◆ What is needed ◆
Output every line of the listing as it stands.

[Dataset extract Boundary: Start]

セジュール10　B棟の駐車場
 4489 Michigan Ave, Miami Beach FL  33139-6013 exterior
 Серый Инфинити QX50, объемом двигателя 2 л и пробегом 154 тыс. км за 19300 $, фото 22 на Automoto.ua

[Dataset extract Boundary: End]

◆ Output for this exercise ◆
セジュール10　B棟の駐車場
 4489 Michigan Ave, Miami Beach FL  33139-6013 exterior
 Серый Инфинити QX50, объемом двигателя 2 л и пробегом 154 тыс. км за 19300 $, фото 22 на Automoto.ua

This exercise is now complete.